When the film “The Heart of Jenin” was released in 2008, there was a positive media response worldwide, says Philipp Spaar, because for once the focus was not on the escalation of the Middle East conflict, but on the willingness for reconciliation. In many media, the fights between the Israelis and the Palestinians generally dominate the headlines. The city of Jenin in the West Bank has also always been a place of struggle.
Jenin is also the name of the neighbouring refugee camp, which was founded by Palestinians in 1953. Jenin was for a long time the stronghold of the Al-Aqsa Brigades, which was responsible for numerous terrorist attacks. In 2002, Israel conducted a military operation to neutralize the Al-Aqsa Brigades. The Refuge camp was also largely destroyed.
Jenin was the stronghold of the Al-Aqsa Brigades for a long time
Our film project "Road to Cinema Jenin" explores the question of whether and how reconciliation or forgiveness is possible in times of war. The "Road to Jenin" takes us across the Balkans - a region that has been repeatedly plagued by wars and conflicts in the recent past.
Of course, every war has its own characteristics and a history. The Middle East conflict and the Balkan conflict – like all wars – have one thing in common: it is always the population that suffers. It almost always predominantly affects the civilian population.
This is also the case in the film “The Heart of Jenin”, which is about Ismail Khatib and his family, whose extraordinary actions must not be forgotten. Many people in the Balkans can tangibly understand their loss and pain during our film screenings; they experienced something similar during the Yugoslavia wars. We show them this film and document their reactions to it on camera. We would like to find out what you think of the conciliatory gesture of the Palestinian protagonist. Find out what gives them the strength to move on and whether they can actually forgive.
"The Heart of Jenin" is a documentary film by Marcus Vetter and Leon Geller from 2008. In April 2010, "The Heart of Jenin" received the German Film Prize for Best Documentary. The film is also the starting point of the Cinema Jenin project.
The Middle East conflict and the Balkan conflict have much in common
Vetter's cinema documentary "The Heart of Jenin" about the Palestinian Ismail Khatib received the German Film Prize 2010 as Best Documentary. After its completion, Vetter founded the association Cinema Jenin e. V., which has set itself the goal of rebuilding the cinema in Jenin in the West Bank, which has been closed since 1987. Since 2008, Vetter has travelled regularly to Jenin to advance the project; At the same time, he made a film about the project, which was presented in 2012.

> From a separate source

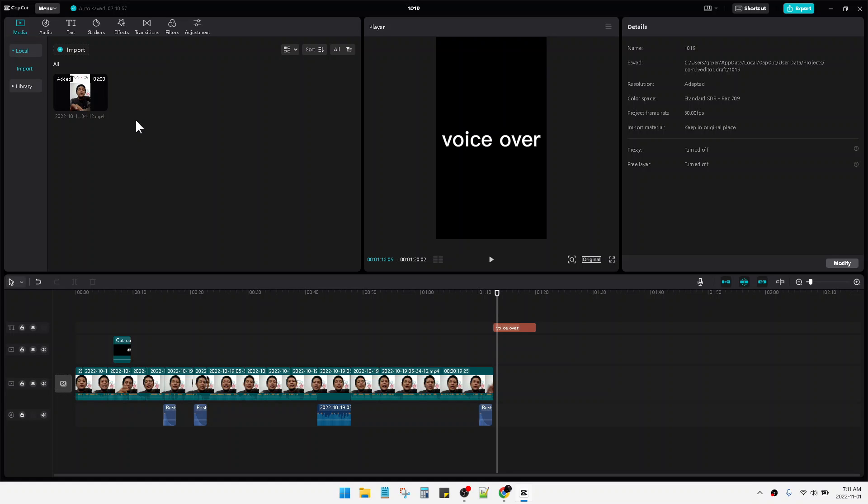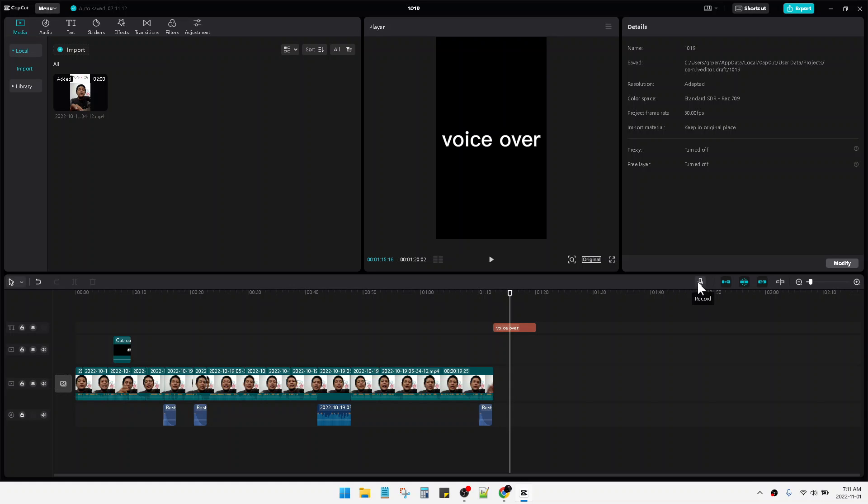The next method is if you want to create a new voiceover. As you can see, like any other video editing software, there is an option for direct voiceover. Here you can see this is the record button. You can record the voiceover and CapCut can record your voice and directly put it on the timeline of your videos.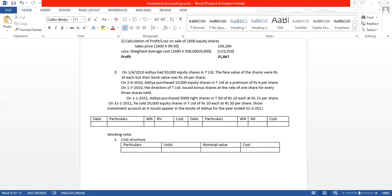On 1st June 2011 — that is 1st January 2011 — Aditya purchased 5,000 right shares in T Limited of Rs. 10 each at Rs. 15 per share. The ratio for right shares is not given directly; they have given directly how many right shares were purchased by Mr. Aditya. In the last lecture, I had explained what right shares are.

We are deeply impressed by the project of the three, who swap the usual and actually simple life at home for their idea in order to work on their project, which leads to screenings of the film at dates and places that can be named almost at random, with the reactions of the... Audience can be completely different. It takes real courage and will to undertake such a project. Especially since the project equipment alone could not be managed by the three of them alone; the loan of the vehicle and some other equipment elements were provided by friends of the three.
Marcus Vetter also supports the project. We are also spontaneously and out loud thinking about whether it might also be an option to present the project as part of screenings or film nights in Turkey. This is especially true given that Marcus Vetter’s roots lie at least partly in Turkey. Maybe in cooperation with the Goethe Institute and alaturka.
When Philip appears at our caravan during the afternoon and tells us that the three of them have decided to show a film presentation for us in the evening, we are more than happy. So, there is an impressive and profound film evening in Alexandroupolis.